GIVEN RECORDS:
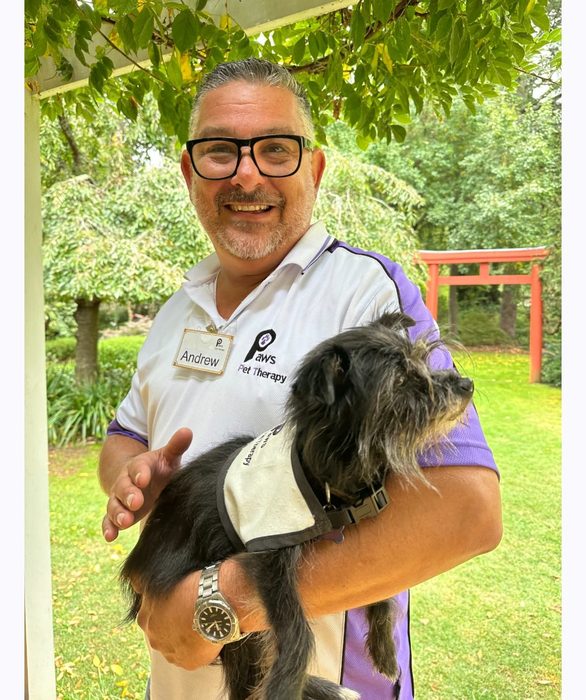 Andrew and Molly, a PAWS volunteer team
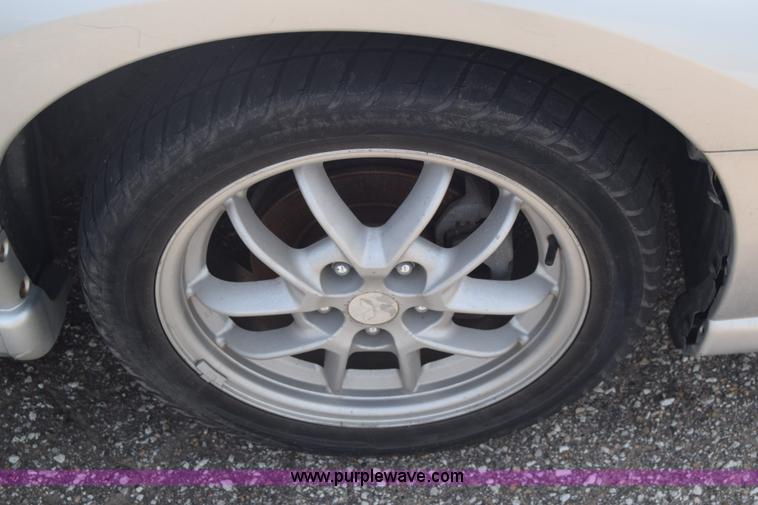 image for item K2802 2002 Mitsubishi Eclipse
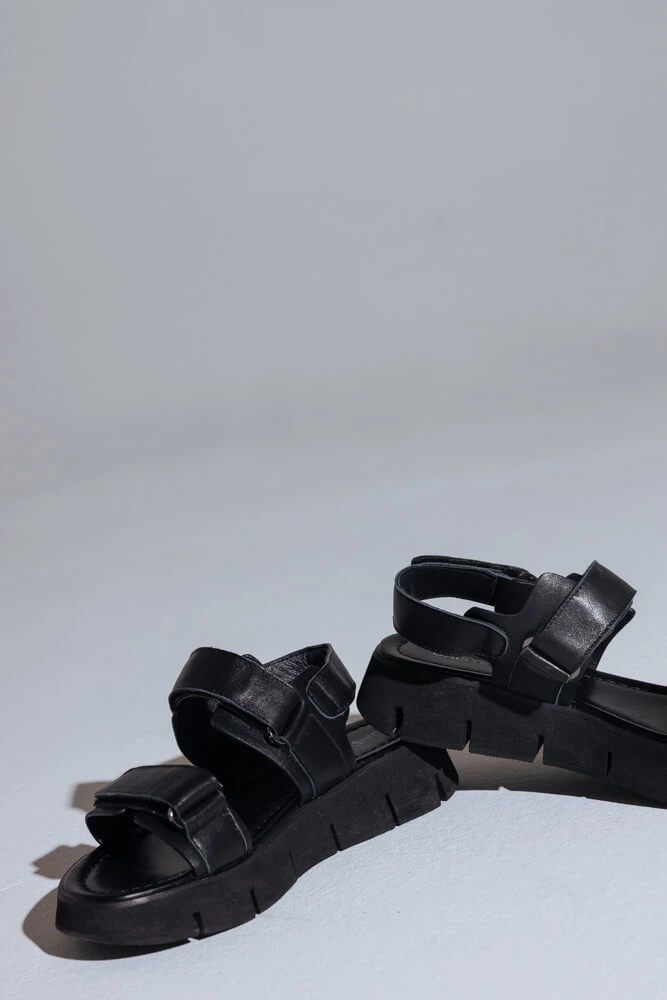 Сандалии на рифленой подошве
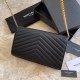 Replica Portafoglio con catena YSL Saint Laurent con busta a catena in pelle martellata Hardware nero oro Replica Portafoglio con catena YSL Saint Laurent con busta a catena in pelle martellata Hardware nero oro
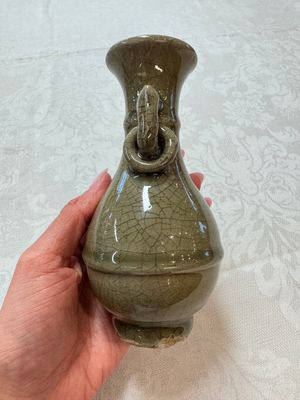 A Chinese Longquan celadon vase with handles, Ming — photo 2
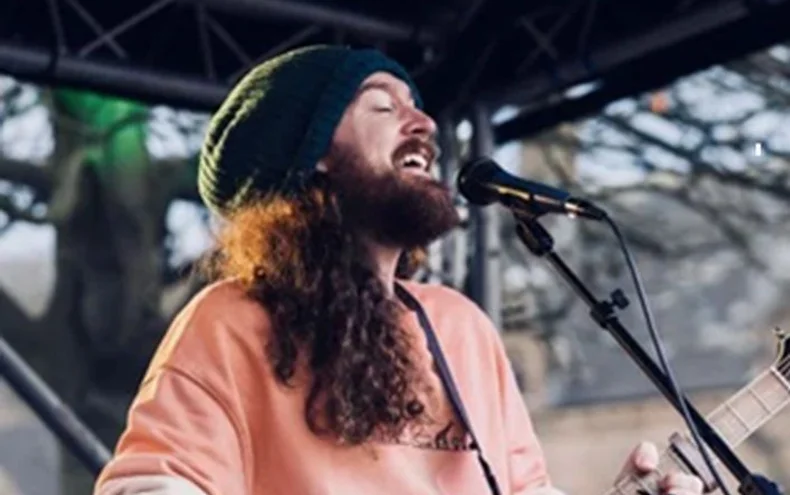 Live Music with Timothy Hoad - Derby Days Out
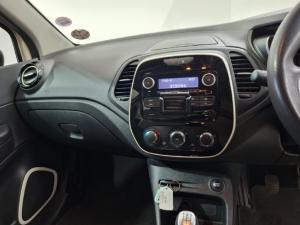 Renault Captur 66kW turbo Blaze - Image 10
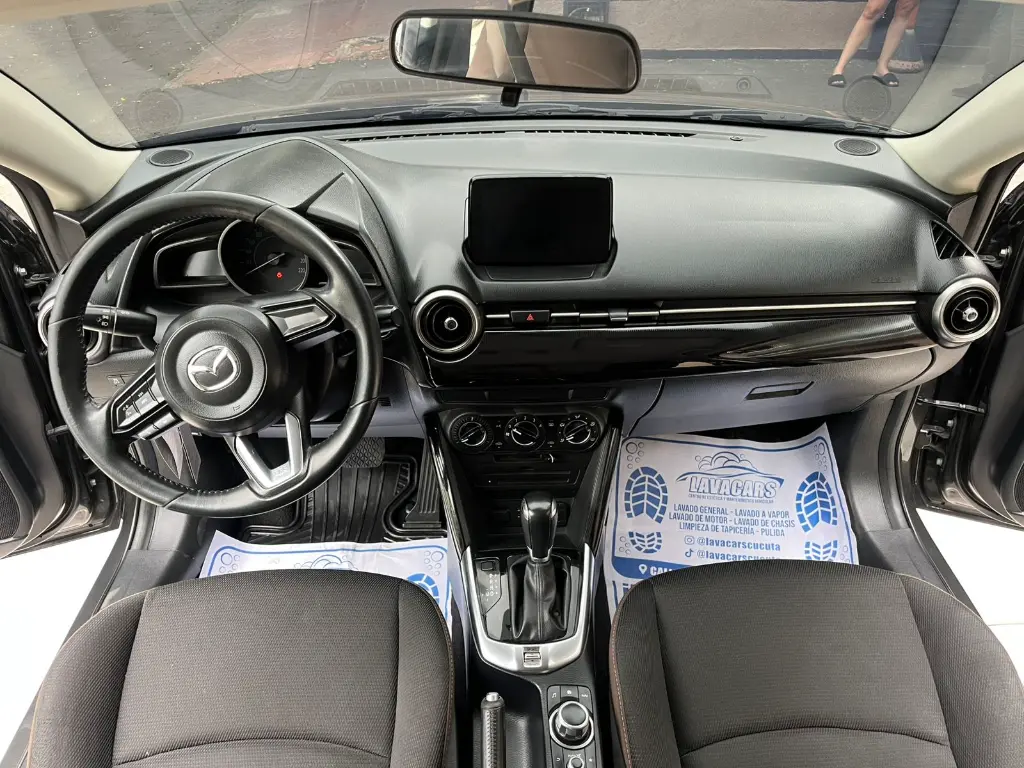 MAZDA 2 TOURING AUTOMATICO 2021 (8).webp
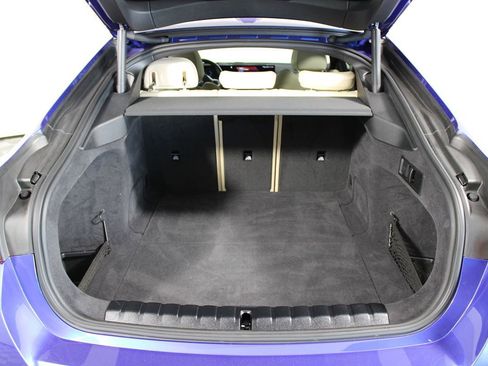 Used 2022 BMW i4 eDrive40 w/ M Sport Package image 27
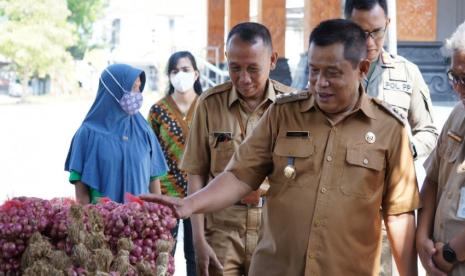  Wakil Bupati Joko Purnomo dalam kegiatan Gerakan Pangan Murah yang digelar di Pendopo Kompleks Pemda II Bantul.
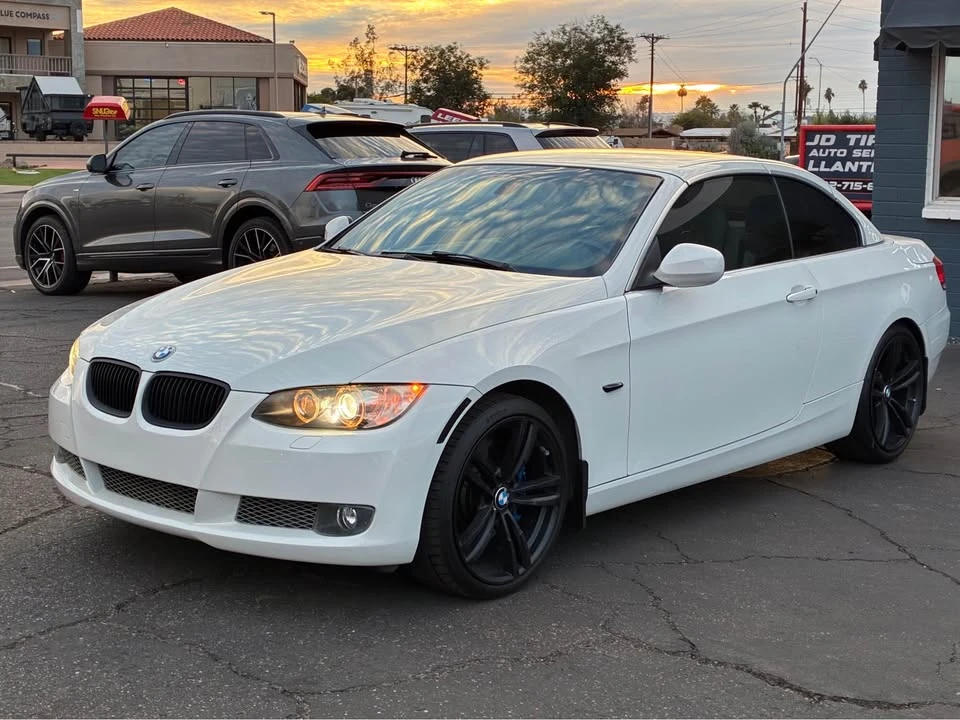 2010 BMW E93 335i Convertible - Image 2 of 17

EXERCISE DIRECTIONS:
Could you output the full set of entries exactly, skipping every picture?

EXERCISE RESULT:
 Andrew and Molly, a PAWS volunteer team
 image for item K2802 2002 Mitsubishi Eclipse
 Сандалии на рифленой подошве
 Replica Portafoglio con catena YSL Saint Laurent con busta a catena in pelle martellata Hardware nero oro Replica Portafoglio con catena YSL Saint Laurent con busta a catena in pelle martellata Hardware nero oro
 A Chinese Longquan celadon vase with handles, Ming — photo 2
 Live Music with Timothy Hoad - Derby Days Out
 Renault Captur 66kW turbo Blaze - Image 10
 MAZDA 2 TOURING AUTOMATICO 2021 (8).webp
 Used 2022 BMW i4 eDrive40 w/ M Sport Package image 27
  Wakil Bupati Joko Purnomo dalam kegiatan Gerakan Pangan Murah yang digelar di Pendopo Kompleks Pemda II Bantul.
 2010 BMW E93 335i Convertible - Image 2 of 17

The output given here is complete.